The permanent members were originally drawn from the victorious powers after World War II: the Republic of China, France, the Soviet Union, the United Kingdom, and the United States. In 1971, the People’s Republic of China was awarded the Republic of China’s seat in the UN by UN General Assembly Resolution 2758. In 1991, the Russian Federation acquired the seat originally held by the Soviet Union, including the Soviet Union’s former representation in the Security Council.
There has been discussion of an increase in the number of permanent members. The countries who have made the strongest demands for permanent seats are Japan, Germany and India. Indeed, Japan and Germany are the UN’s second and third largest funders, respectively, while Germany and India are among some of the largest contributors of troops to UN-mandated peace-keeping missions. India’s claim is quite justified for permanent membership in the expanded UN Security Council as it is the world’s largest democracy, a rapidly growing economic power and a major contributor to the peace-keeping operations. On any objective grounds, India is well qualified for permanent membership.

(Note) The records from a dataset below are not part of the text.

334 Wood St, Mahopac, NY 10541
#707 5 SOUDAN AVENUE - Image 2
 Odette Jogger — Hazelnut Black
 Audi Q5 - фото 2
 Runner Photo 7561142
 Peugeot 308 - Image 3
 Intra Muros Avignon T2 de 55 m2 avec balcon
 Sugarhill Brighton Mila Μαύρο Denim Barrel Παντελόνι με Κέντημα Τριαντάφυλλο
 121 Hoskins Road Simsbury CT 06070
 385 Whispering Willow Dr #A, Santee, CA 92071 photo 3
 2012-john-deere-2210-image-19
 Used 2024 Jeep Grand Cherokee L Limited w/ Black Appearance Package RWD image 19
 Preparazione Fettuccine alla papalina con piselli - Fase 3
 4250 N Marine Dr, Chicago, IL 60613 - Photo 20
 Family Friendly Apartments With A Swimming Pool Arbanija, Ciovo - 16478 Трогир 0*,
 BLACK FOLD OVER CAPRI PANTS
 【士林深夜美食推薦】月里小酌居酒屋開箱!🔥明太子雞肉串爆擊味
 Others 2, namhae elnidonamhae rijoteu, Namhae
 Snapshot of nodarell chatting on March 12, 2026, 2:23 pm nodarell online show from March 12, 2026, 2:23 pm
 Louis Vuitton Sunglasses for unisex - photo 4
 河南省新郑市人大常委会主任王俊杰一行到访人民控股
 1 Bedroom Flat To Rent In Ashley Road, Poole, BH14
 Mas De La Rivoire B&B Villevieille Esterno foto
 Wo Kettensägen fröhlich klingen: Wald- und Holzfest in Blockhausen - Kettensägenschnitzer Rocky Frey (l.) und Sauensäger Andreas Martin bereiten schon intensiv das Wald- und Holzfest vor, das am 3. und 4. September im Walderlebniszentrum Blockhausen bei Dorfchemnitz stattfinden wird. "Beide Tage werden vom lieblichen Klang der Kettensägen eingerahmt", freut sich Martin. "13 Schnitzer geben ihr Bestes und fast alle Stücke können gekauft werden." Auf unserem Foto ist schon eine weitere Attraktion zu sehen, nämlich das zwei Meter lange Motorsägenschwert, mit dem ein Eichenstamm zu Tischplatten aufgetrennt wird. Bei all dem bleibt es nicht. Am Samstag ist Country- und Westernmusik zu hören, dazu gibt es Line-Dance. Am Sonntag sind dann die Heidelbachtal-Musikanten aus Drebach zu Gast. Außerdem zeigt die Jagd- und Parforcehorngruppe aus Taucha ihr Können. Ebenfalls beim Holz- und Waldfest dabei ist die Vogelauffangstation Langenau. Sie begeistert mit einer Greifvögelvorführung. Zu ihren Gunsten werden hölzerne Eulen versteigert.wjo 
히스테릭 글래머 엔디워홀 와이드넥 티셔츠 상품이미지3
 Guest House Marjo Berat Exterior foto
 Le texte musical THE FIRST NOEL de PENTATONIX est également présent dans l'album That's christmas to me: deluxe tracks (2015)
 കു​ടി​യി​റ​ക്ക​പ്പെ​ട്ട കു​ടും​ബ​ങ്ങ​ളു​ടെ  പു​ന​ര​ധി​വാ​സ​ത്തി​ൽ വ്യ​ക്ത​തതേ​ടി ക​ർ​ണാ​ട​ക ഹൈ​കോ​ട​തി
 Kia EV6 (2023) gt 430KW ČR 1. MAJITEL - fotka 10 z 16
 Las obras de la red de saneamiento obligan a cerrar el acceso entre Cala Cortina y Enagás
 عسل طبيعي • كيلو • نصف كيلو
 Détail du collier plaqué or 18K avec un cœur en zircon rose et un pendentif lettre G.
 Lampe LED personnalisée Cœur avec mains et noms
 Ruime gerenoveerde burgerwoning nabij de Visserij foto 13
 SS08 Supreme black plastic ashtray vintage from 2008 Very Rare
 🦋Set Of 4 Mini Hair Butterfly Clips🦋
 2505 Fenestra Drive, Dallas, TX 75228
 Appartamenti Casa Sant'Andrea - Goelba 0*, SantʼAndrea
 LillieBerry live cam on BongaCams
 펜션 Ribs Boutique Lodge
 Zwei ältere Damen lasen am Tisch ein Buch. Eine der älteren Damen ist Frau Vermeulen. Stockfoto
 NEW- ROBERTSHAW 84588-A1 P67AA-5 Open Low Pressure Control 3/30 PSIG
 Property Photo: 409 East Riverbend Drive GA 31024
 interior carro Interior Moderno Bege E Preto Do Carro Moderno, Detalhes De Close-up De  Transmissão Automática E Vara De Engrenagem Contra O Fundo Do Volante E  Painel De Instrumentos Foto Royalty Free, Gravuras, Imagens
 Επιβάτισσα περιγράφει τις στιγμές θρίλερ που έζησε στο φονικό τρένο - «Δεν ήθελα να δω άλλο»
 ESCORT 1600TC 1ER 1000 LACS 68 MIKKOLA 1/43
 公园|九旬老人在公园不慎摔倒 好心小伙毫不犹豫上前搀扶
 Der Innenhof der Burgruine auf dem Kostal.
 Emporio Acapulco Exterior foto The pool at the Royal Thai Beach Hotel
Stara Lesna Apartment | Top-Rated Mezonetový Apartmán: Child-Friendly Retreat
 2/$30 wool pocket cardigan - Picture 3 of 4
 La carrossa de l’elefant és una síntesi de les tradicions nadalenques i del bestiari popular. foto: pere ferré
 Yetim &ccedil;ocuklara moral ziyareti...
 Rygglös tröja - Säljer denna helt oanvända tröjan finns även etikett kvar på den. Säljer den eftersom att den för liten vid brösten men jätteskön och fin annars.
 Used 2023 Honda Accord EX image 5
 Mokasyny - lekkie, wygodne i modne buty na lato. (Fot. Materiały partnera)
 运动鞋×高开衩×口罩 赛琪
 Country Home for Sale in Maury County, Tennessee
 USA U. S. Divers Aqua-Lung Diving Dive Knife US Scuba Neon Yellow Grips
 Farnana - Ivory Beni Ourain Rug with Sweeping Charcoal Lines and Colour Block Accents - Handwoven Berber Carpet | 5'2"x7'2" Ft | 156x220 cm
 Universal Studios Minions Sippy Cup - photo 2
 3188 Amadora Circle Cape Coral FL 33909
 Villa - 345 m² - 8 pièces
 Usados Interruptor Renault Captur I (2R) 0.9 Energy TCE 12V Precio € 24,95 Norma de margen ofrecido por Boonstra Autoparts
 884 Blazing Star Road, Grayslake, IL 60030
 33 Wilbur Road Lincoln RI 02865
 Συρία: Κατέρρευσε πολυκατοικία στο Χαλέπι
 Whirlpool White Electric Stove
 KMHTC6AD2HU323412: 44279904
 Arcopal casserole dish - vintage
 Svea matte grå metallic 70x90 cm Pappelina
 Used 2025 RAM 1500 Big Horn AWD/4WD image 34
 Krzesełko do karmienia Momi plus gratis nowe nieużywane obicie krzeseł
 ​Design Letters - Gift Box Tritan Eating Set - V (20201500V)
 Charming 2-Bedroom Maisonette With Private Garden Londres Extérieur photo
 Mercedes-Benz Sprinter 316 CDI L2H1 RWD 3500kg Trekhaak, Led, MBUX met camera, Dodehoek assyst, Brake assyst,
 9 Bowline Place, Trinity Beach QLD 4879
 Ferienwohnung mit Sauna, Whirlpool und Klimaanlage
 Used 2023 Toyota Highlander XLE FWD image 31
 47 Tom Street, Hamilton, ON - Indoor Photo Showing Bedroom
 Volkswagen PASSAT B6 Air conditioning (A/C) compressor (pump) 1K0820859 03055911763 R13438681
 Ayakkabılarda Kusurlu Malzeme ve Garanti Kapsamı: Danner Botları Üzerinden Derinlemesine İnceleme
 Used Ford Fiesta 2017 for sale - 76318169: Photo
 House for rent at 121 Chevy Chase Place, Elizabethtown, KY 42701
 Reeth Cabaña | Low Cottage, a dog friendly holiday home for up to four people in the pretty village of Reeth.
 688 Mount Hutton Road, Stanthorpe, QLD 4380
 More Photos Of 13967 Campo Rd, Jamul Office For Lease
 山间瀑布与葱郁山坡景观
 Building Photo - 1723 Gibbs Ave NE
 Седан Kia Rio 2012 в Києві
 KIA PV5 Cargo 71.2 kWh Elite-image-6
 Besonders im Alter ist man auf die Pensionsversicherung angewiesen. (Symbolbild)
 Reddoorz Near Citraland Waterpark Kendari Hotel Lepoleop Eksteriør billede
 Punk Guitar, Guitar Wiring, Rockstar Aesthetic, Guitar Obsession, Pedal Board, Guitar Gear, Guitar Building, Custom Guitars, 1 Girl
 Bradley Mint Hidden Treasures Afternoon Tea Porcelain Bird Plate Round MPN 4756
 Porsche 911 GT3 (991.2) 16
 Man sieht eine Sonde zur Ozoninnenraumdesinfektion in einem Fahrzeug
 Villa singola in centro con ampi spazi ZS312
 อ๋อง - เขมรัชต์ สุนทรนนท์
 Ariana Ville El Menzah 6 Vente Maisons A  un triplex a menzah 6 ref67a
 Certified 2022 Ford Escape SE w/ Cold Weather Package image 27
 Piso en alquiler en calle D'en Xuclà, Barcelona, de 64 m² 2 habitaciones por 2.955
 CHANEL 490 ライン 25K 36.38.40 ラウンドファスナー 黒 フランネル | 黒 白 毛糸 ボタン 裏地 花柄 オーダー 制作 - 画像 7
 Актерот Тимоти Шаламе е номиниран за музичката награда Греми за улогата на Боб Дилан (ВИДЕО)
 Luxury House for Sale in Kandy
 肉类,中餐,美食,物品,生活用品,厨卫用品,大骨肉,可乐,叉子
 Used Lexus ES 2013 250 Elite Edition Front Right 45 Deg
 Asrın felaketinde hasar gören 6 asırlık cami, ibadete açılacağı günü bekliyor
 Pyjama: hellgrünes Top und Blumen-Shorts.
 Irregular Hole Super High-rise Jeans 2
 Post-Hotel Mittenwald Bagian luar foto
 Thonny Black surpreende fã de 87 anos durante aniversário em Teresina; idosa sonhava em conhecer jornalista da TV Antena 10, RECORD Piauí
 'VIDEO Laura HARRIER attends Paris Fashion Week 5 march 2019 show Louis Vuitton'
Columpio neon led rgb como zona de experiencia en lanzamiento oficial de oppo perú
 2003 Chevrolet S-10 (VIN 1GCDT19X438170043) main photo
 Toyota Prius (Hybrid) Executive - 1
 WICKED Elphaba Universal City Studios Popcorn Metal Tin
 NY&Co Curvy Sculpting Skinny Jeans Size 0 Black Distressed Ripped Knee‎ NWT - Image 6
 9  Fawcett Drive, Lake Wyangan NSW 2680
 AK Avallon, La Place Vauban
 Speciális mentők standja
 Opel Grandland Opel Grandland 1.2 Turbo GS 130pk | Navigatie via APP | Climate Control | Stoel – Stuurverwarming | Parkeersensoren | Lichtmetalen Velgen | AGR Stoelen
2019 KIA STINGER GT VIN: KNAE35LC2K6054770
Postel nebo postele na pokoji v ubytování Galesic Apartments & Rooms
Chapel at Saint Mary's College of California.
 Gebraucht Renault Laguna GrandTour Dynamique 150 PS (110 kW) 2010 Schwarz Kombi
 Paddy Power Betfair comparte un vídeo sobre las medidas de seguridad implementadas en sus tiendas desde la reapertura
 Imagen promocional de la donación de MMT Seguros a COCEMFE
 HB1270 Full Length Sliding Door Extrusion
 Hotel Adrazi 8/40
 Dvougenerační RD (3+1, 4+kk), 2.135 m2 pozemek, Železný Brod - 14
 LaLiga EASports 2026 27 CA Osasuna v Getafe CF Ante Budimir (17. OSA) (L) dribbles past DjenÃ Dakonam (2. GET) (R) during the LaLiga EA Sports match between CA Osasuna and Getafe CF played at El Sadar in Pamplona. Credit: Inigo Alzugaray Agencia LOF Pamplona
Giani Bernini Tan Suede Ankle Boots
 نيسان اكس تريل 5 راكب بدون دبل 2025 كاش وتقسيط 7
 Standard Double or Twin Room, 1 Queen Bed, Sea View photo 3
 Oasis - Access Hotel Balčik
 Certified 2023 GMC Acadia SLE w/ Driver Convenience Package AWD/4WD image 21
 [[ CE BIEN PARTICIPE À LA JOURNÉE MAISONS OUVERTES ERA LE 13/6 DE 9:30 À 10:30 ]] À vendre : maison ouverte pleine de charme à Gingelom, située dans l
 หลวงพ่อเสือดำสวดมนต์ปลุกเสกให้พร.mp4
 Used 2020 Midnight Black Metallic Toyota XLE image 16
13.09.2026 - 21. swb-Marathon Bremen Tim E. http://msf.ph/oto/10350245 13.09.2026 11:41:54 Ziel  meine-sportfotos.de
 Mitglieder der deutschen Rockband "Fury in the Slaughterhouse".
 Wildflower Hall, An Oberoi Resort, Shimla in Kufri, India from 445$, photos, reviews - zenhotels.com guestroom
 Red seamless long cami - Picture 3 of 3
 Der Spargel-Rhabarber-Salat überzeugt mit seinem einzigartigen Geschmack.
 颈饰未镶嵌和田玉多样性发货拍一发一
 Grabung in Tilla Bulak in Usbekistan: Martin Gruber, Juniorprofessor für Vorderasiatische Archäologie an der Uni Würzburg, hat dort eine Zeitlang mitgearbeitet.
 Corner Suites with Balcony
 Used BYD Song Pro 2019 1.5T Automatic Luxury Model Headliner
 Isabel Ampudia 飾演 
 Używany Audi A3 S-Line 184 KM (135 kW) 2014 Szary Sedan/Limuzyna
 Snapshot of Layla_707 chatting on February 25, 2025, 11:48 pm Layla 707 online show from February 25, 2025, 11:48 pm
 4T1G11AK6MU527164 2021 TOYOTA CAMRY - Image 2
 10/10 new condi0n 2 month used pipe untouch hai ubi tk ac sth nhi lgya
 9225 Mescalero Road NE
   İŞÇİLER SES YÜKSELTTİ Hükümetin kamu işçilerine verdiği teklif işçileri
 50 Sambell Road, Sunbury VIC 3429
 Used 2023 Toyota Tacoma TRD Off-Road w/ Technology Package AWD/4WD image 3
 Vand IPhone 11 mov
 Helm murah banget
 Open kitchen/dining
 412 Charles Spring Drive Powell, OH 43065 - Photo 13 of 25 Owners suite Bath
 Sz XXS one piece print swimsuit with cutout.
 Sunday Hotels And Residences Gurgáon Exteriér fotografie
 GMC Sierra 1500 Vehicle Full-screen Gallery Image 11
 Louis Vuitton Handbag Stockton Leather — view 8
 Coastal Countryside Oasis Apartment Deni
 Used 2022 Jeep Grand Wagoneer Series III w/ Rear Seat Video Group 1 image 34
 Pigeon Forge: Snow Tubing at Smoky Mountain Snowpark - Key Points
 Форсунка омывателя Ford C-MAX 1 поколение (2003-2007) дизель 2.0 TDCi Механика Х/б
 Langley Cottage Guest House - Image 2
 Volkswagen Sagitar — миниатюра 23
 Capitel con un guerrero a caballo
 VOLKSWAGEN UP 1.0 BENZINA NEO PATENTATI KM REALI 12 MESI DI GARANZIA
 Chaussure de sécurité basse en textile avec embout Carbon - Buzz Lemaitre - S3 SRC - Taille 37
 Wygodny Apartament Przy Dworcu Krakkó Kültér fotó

Moreover, the Third World and other developing countries are underrepresented when it comes to policy and decision-making at the UN Security Council, especially with the absolute and imperative veto power of the permanent members. The inclusion of India is necessary in order to promote the balance of power and interests between western industrial nations and developing nations in the world’s legislative body. This would equip the Security Council to confront the grave challenges that confront the international community in the 21st century.